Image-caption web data
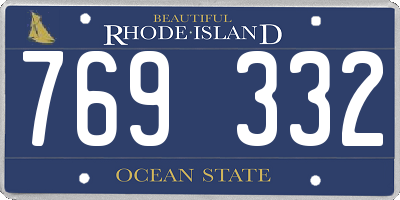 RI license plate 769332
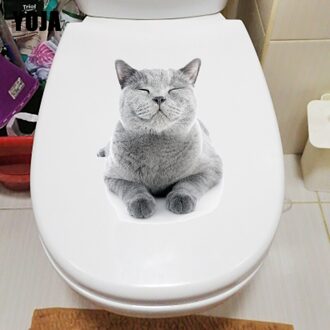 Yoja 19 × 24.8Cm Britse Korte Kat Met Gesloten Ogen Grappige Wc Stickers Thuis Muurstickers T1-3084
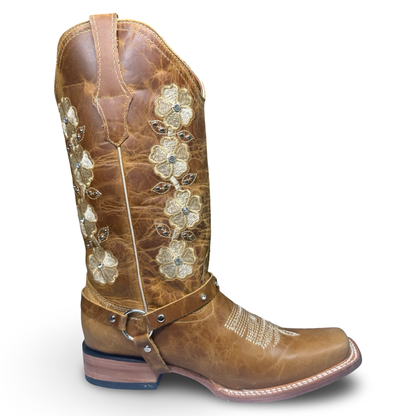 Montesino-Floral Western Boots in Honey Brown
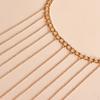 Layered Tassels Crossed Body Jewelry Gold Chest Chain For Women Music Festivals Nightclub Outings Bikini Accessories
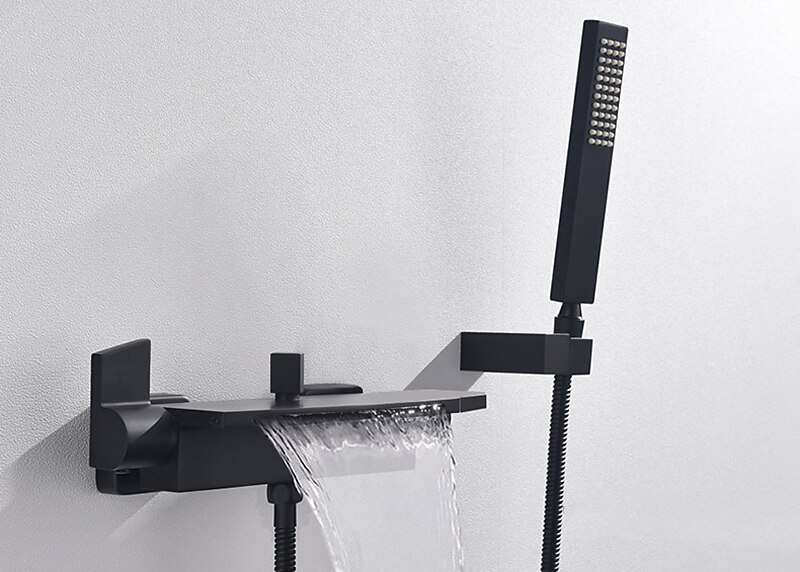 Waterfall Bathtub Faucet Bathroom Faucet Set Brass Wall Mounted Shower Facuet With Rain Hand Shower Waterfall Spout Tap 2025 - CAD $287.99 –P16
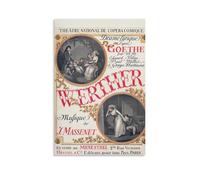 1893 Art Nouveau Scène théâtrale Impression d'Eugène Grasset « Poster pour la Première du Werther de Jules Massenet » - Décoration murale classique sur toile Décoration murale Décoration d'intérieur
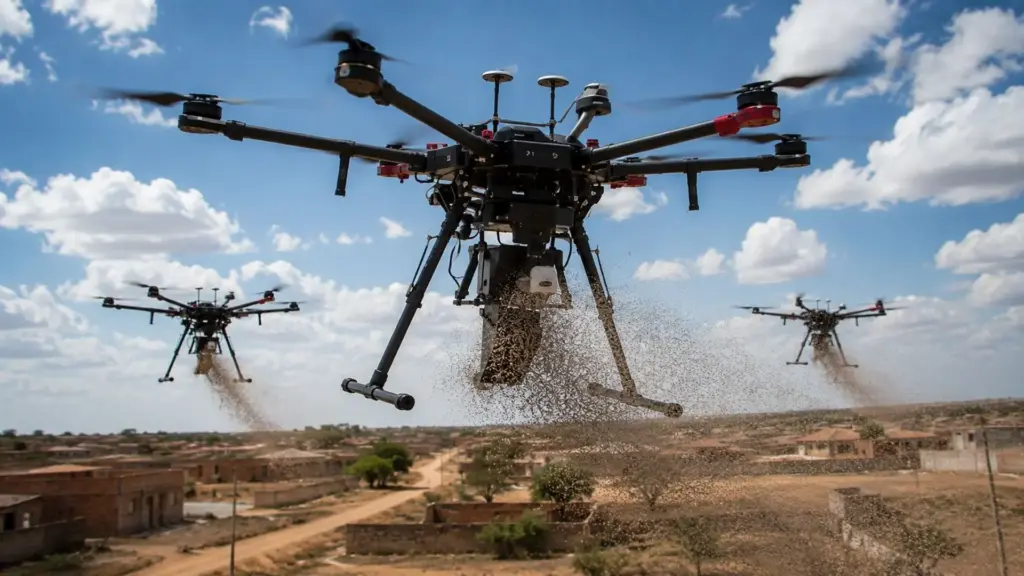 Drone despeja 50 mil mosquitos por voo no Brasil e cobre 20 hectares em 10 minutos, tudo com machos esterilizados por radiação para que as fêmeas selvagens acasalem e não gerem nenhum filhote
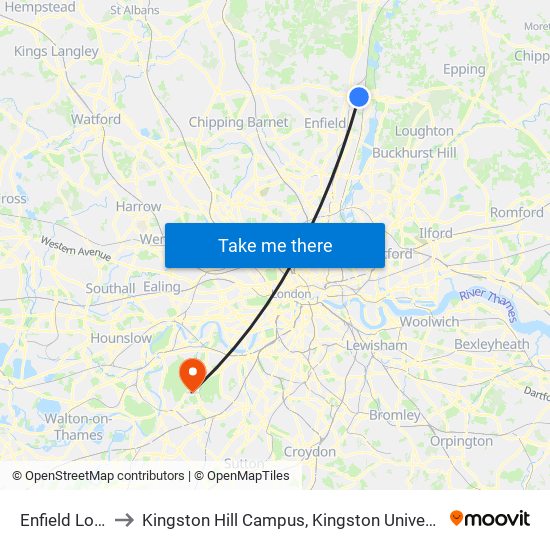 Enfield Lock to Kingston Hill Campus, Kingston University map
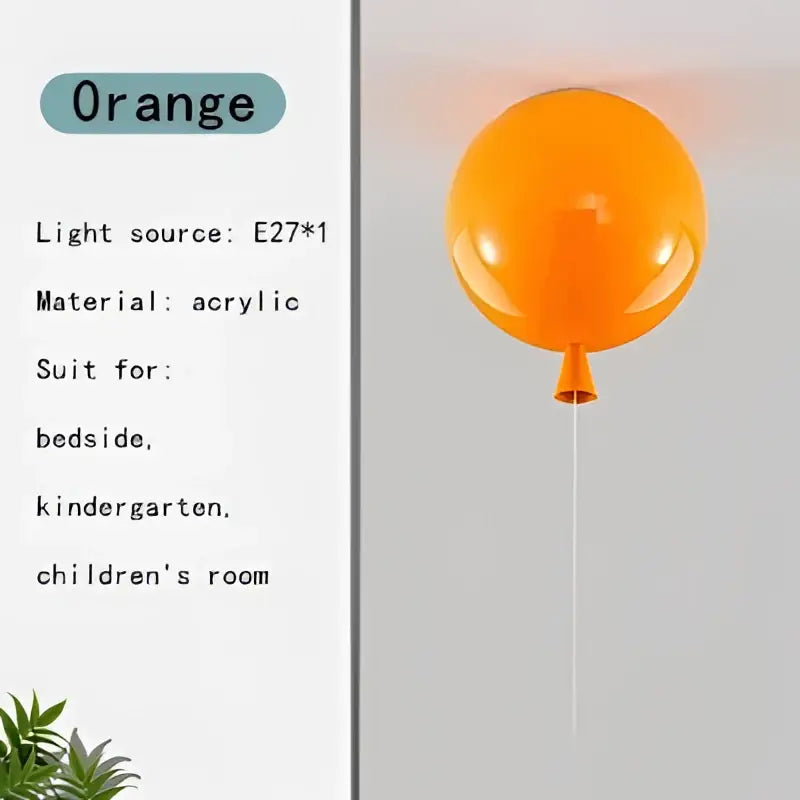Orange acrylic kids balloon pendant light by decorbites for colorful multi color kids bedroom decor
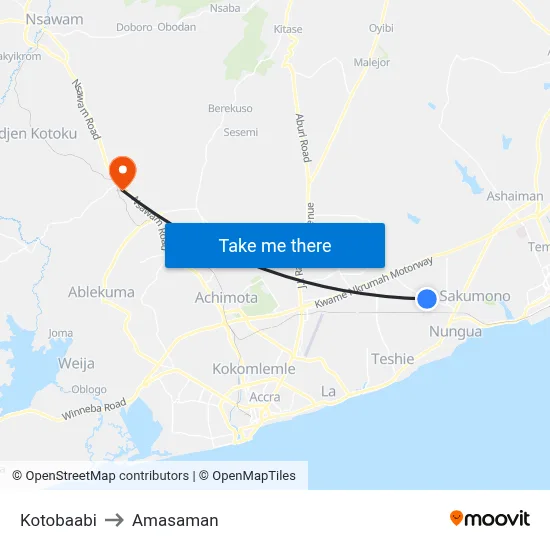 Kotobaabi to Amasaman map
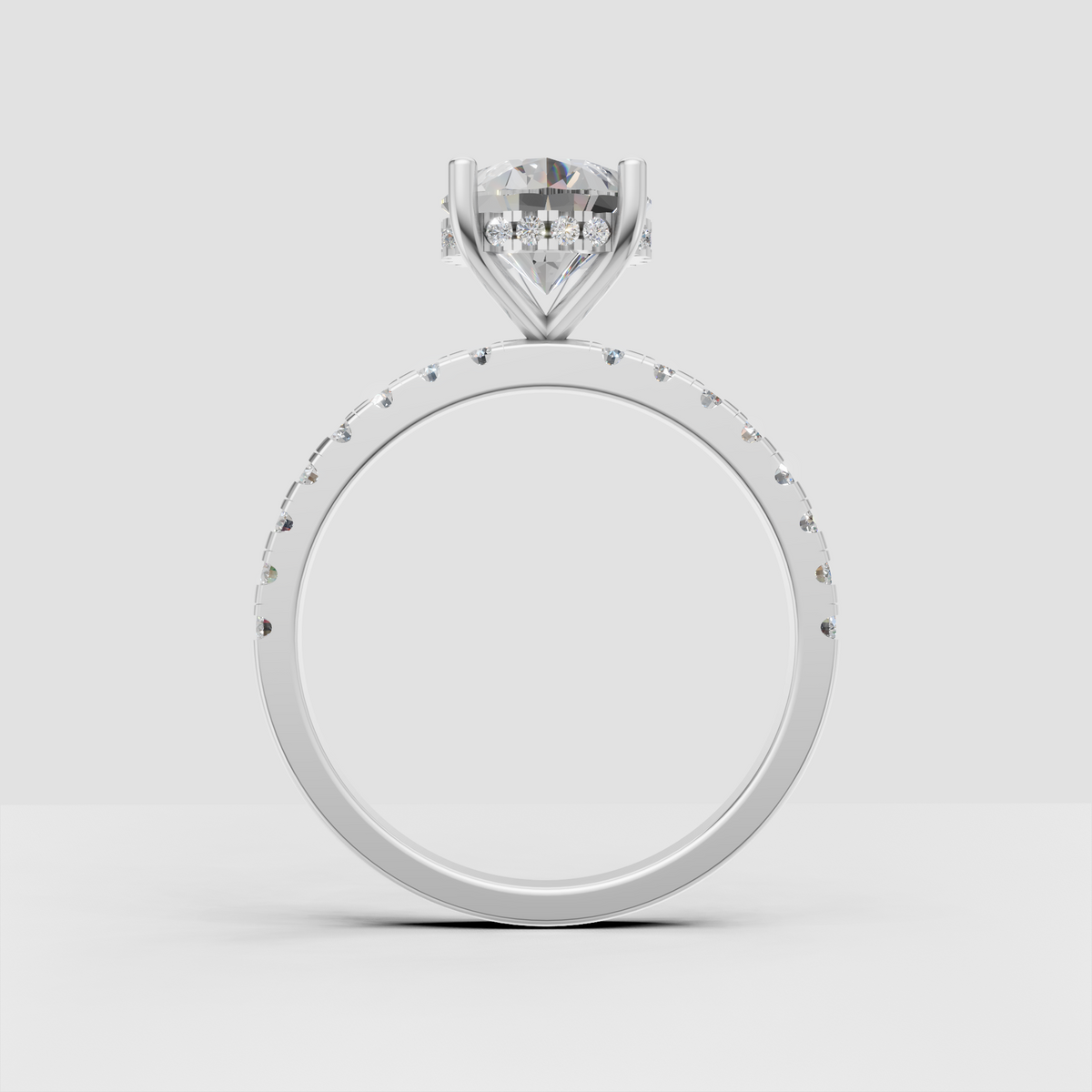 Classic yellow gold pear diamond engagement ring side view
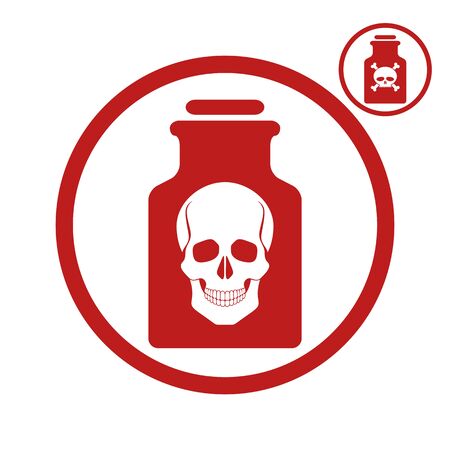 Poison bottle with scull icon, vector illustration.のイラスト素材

> What is required: Transcribe every record above in full. Pictures stay out of the copy.

> The completed task:
 RI license plate 769332
 Yoja 19 × 24.8Cm Britse Korte Kat Met Gesloten Ogen Grappige Wc Stickers Thuis Muurstickers T1-3084
 Montesino-Floral Western Boots in Honey Brown
 Layered Tassels Crossed Body Jewelry Gold Chest Chain For Women Music Festivals Nightclub Outings Bikini Accessories
 Waterfall Bathtub Faucet Bathroom Faucet Set Brass Wall Mounted Shower Facuet With Rain Hand Shower Waterfall Spout Tap 2025 - CAD $287.99 –P16
 1893 Art Nouveau Scène théâtrale Impression d'Eugène Grasset « Poster pour la Première du Werther de Jules Massenet » - Décoration murale classique sur toile Décoration murale Décoration d'intérieur
 Drone despeja 50 mil mosquitos por voo no Brasil e cobre 20 hectares em 10 minutos, tudo com machos esterilizados por radiação para que as fêmeas selvagens acasalem e não gerem nenhum filhote
 Enfield Lock to Kingston Hill Campus, Kingston University map
Orange acrylic kids balloon pendant light by decorbites for colorful multi color kids bedroom decor
 Kotobaabi to Amasaman map
 Classic yellow gold pear diamond engagement ring side view
 Poison bottle with scull icon, vector illustration.のイラスト素材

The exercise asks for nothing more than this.